[Description of the task]
Even where a line looks wrong, copy it exactly and include every entry.

Records from a data collection:
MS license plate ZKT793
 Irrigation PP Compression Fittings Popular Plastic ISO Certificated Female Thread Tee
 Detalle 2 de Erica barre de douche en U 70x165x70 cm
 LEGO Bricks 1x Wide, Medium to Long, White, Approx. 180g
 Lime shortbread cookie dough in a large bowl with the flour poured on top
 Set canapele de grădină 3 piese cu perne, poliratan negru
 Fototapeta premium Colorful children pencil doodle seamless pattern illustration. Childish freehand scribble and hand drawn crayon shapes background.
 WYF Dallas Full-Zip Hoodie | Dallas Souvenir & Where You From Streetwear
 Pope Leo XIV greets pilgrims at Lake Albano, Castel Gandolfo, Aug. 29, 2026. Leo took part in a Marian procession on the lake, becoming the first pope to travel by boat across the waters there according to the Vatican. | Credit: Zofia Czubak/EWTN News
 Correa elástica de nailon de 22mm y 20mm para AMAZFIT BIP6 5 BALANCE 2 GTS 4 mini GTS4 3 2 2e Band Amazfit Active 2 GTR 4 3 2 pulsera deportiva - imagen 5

[Exercise solution]
MS license plate ZKT793
 Irrigation PP Compression Fittings Popular Plastic ISO Certificated Female Thread Tee
 Detalle 2 de Erica barre de douche en U 70x165x70 cm
 LEGO Bricks 1x Wide, Medium to Long, White, Approx. 180g
 Lime shortbread cookie dough in a large bowl with the flour poured on top
 Set canapele de grădină 3 piese cu perne, poliratan negru
 Fototapeta premium Colorful children pencil doodle seamless pattern illustration. Childish freehand scribble and hand drawn crayon shapes background.
 WYF Dallas Full-Zip Hoodie | Dallas Souvenir & Where You From Streetwear
 Pope Leo XIV greets pilgrims at Lake Albano, Castel Gandolfo, Aug. 29, 2026. Leo took part in a Marian procession on the lake, becoming the first pope to travel by boat across the waters there according to the Vatican. | Credit: Zofia Czubak/EWTN News
 Correa elástica de nailon de 22mm y 20mm para AMAZFIT BIP6 5 BALANCE 2 GTS 4 mini GTS4 3 2 2e Band Amazfit Active 2 GTR 4 3 2 pulsera deportiva - imagen 5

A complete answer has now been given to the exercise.